The move, part of Prime Minister Kevin Rudd’s announced $3.9 billion of cuts or deferrals to government spending to help the transition of the carbon tax to an emissions trading scheme, will bring a saving of $1.8 billion over the forward estimates.

As highlighted in the Bracks review, over 50% of new cars are acquired under the car benefits tax regime and at least 75% of domestic sales of locally produced vehicles are to government and business sector. Will businesses still buy locally produced vehicles once this tax regime is terminated?

The statutory formula method was introduced in 1986 under the Button Plan to protect the economic viability of the Australian motor vehicle industry. It was indirectly designed to support the local car industry through subsidising vehicle cost. Axing this benefit may make car manufacturers of large vehicles such as the Holden Commodore no longer sustainable.
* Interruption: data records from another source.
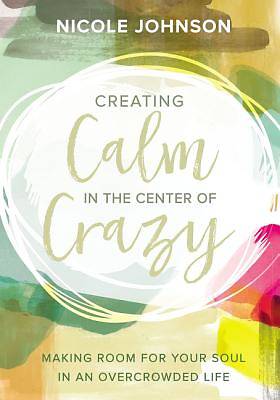 Picture of Creating Calm in the Center of Crazy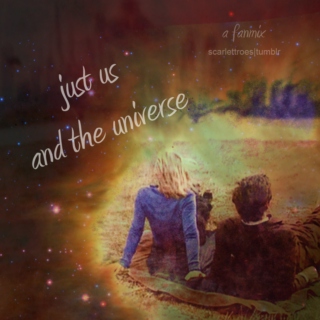 Just Us and the Universe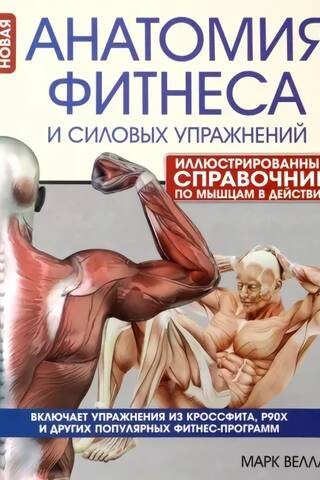 Анатомия фитнеса и силовых упражнений: иллюстрированный справочник по мышцам в действии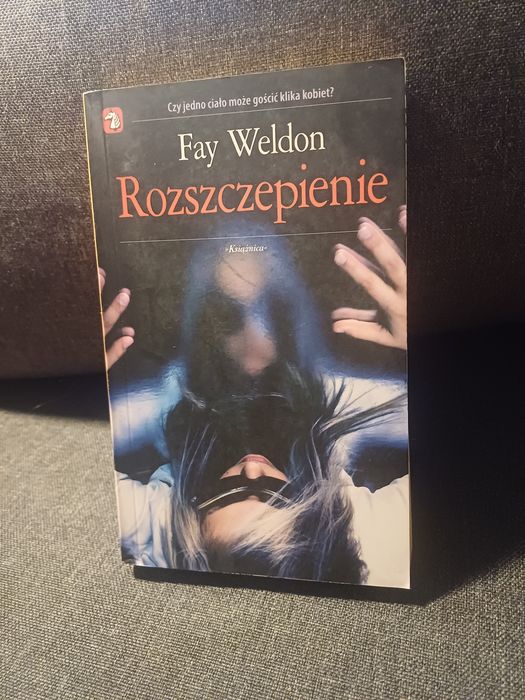 Fay Weldon Rozszczepienie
It is hard to believe that the Australian automotive industry had been consulted on this latest announcement. In the past, the local car industry has rejected any proposal to reform the statutory formula method or any suggestion of removing the car benefit altogether.

For example, Holden expressed their concern to the Henry Review that the operation of the FBT system was vital to the sustainability of the local industry and “without the car FBT concession, there would be little incentive to offer cars as fringe benefit, and employees left to their own devices would be more likely to buy imported vehicles”.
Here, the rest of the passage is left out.